Добавить в цитаты Настройки чтения

Страница 52 из 87

О получении этого письма уведомь скорее официально, сказав: "Если будешь писать к Аврамову, поклонись ему".

Я, кажется, писал к тебе, что матушка моя в одно почти время скончалась с твоим отцом, а добрый старичок - мой батюшка - ещё жив и с нежностию о нас горюет.

Барятинский тебе кланяется - он с неделю здесь, насилу добрался до Красноярска полуживым - у меня на квартире - и помаленьку оправляется, не знаю, как дотащится до Тобольска. Сам бы приписал, но ещё слаб.

И.И. Пущину

27 ноября

Благодарю вас, мой любезный друг Иван Иванович, за ваше дружеское письмо от 11 октября и за исполнение моих поручений. Я был уведомлен, что Гов. писал к Е.Г. о переводе Петина и чтобы я обратился о себе с письмом к Фалькенбергу. Я это сделал. Не знаю, что будет, но мне все что-то мало надежды. Мое правило, если хлопотать, то уже хлопотать со всех сторон. А потому, если и вы что можете сделать в этом случае, через неусыпную в такого рода хлопотах сестрицу, то напишите к ней: не может ли и она замолвить два слова...

Спиридов со своим Петром Васильевичем поставили вверх дном свой и соседний огороды, выстроили теплицу, выкопали мильон парников. А результат покуда тот, что у Спиридова из 1000 руб. осталось 100, а 900 он получит на будущий год, когда продаст пикули, жаль только, что ещё в уксусе третий месяц гнездо не заводится, а то все бы пошло хорошо.

Мне жаль, что вы не видели моего хозяина, он бы вам, верно, понравился. По расчетливости он вроде вас - ему тоже бывает совестно, когда купец отдает ему за 8 рублей сапоги, которые стоят пять. Он вскоре после вас возвратился из тайги - жаль только, что и без золота, и без денег.

Все наши около Иркутска живы и здоровы. Ездили всею семьею к Фед. Алекс., обедаем, ужинаем, играем на бильярде. Не правда ли, что это весело?

Будьте здоровы и по возможности счастливы и не забывайте человека, который умеет ценить свою и вашу дружбу.

Н.Д. Фонвизиной

27 ноября

Можете вообразить, какое впечатление произвело на меня письмо ваше, милая и любезная Наталья Дмитриевна. Я уже грустил, давно не знаю, что с вами делается, тогда как по последнему письму вашему видно было, что прежние ваши припадки возобновились. Но, благодарение Богу, которого милосердная рука, видимо, над вами - подает нам живую надежду увидеть вас в лучшем положении. Я говорю нам, ибо вы, верю, не сомневаетесь, что все, до вас касающееся, и меня столько же или огорчает, или радует, как и людей, самых вам близких.

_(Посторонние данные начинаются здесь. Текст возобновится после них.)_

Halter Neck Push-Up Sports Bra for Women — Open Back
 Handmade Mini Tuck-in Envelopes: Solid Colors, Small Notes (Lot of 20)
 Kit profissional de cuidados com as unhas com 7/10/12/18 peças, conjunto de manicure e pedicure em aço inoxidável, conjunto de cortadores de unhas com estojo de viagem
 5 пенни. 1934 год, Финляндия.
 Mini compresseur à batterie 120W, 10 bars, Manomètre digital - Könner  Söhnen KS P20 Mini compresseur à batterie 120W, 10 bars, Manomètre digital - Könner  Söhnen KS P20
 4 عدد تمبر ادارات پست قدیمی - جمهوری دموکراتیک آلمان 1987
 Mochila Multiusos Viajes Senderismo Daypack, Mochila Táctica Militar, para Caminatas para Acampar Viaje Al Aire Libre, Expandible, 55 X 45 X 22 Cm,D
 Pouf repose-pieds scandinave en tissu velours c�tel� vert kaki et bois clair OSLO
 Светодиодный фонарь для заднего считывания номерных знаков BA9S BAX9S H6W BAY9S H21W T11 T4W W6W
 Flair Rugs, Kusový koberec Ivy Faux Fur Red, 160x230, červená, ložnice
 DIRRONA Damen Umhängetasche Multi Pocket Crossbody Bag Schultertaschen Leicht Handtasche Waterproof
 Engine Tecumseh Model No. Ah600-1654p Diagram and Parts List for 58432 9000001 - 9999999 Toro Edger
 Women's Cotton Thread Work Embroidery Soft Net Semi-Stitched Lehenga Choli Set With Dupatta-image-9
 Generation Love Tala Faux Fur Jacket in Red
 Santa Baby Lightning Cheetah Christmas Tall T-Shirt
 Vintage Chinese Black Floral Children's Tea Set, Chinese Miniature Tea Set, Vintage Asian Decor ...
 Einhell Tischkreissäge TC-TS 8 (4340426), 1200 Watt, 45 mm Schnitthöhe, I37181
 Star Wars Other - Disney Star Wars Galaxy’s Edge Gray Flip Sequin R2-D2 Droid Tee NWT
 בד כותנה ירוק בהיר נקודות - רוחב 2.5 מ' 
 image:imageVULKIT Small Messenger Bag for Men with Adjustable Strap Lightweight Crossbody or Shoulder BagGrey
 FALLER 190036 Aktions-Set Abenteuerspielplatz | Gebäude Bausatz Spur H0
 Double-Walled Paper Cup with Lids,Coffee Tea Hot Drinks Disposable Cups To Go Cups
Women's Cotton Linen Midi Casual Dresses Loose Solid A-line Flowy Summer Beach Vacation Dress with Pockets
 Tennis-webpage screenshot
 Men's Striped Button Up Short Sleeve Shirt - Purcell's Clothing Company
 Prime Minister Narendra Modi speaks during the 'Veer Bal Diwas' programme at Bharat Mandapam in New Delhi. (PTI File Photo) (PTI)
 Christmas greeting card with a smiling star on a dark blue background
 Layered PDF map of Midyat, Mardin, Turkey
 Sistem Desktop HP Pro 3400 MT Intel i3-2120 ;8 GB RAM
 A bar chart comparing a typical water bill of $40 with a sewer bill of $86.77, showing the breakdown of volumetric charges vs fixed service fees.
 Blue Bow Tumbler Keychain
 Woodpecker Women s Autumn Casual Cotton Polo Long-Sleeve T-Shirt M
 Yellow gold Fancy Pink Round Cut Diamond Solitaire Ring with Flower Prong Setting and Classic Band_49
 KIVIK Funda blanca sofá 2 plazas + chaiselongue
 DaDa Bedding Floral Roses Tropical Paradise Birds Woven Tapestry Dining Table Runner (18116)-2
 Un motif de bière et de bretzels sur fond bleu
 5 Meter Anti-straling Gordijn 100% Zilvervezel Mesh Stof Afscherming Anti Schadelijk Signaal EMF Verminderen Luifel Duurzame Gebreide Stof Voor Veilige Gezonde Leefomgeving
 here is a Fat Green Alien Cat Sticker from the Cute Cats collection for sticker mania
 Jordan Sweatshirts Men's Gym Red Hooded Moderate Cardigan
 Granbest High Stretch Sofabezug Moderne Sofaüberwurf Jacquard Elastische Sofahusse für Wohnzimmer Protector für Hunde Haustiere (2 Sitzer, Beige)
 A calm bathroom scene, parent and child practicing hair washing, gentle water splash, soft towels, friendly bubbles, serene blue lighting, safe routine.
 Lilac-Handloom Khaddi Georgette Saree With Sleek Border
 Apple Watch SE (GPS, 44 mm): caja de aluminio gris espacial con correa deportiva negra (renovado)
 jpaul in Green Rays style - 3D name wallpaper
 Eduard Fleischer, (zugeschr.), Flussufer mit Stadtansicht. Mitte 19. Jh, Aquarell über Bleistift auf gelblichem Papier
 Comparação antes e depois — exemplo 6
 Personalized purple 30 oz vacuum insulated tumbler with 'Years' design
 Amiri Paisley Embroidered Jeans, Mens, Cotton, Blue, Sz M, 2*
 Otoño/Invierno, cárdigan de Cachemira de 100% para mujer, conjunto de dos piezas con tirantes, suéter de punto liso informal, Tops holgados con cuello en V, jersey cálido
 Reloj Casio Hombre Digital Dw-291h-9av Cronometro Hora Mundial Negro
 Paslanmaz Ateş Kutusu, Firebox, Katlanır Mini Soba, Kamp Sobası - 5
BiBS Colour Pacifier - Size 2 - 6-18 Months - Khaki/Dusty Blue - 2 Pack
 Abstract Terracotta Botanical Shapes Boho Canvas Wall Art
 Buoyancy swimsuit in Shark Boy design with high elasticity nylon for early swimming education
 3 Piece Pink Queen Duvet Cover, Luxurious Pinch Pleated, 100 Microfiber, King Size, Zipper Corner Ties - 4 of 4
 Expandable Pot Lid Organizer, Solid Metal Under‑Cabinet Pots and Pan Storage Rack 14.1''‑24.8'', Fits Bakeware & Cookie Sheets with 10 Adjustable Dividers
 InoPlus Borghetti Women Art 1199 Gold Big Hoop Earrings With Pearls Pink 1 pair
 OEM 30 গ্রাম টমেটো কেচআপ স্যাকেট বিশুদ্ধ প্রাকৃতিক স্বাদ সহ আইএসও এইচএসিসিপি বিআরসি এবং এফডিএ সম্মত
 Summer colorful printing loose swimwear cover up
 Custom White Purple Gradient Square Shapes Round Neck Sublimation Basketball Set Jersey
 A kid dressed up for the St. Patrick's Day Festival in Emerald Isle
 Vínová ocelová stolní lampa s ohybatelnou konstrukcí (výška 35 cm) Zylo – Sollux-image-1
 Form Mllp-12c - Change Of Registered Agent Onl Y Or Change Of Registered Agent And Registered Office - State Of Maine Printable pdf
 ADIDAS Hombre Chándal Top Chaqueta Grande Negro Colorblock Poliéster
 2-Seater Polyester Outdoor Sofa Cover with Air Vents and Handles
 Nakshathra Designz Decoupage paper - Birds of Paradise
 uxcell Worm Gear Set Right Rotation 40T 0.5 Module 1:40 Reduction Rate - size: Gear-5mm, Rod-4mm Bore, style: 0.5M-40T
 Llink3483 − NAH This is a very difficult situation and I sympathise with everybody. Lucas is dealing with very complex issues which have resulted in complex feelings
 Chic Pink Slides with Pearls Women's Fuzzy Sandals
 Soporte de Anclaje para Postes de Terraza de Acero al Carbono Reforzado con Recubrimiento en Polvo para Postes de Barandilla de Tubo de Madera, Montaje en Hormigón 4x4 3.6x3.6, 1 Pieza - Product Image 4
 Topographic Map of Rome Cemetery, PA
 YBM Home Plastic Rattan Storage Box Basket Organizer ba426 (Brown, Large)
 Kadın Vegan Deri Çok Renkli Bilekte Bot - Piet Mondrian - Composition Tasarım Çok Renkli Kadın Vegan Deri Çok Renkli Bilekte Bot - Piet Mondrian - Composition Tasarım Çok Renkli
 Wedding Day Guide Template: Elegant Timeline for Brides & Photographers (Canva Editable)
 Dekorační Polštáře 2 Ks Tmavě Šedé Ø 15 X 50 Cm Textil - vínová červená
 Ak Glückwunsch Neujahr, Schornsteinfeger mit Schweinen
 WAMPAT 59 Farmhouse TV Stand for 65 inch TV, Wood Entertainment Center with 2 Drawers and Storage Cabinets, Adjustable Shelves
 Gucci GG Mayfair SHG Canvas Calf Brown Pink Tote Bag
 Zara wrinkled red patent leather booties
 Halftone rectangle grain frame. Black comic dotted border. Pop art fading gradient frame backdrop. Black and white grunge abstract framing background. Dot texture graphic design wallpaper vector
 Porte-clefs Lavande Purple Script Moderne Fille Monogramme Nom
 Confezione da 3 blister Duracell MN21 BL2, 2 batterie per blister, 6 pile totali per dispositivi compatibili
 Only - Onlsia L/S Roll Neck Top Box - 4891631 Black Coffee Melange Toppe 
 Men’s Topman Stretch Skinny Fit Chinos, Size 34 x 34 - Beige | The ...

Благодарю вас, что и вы, зная это, не замедлили меня утешить и успокоить тою переменою, какая с вами случилась...

Я же о себе ничем не могу вас порадовать. И во мне - худо, и около меня тоже худо.

Брат мой несчастный, будет ли по крайней мере спасена душа его - один Бог знает. Но что мне говорить о себе и о нем - я только наведу грусть и на себя и на вас. Лучше поговорим о другом.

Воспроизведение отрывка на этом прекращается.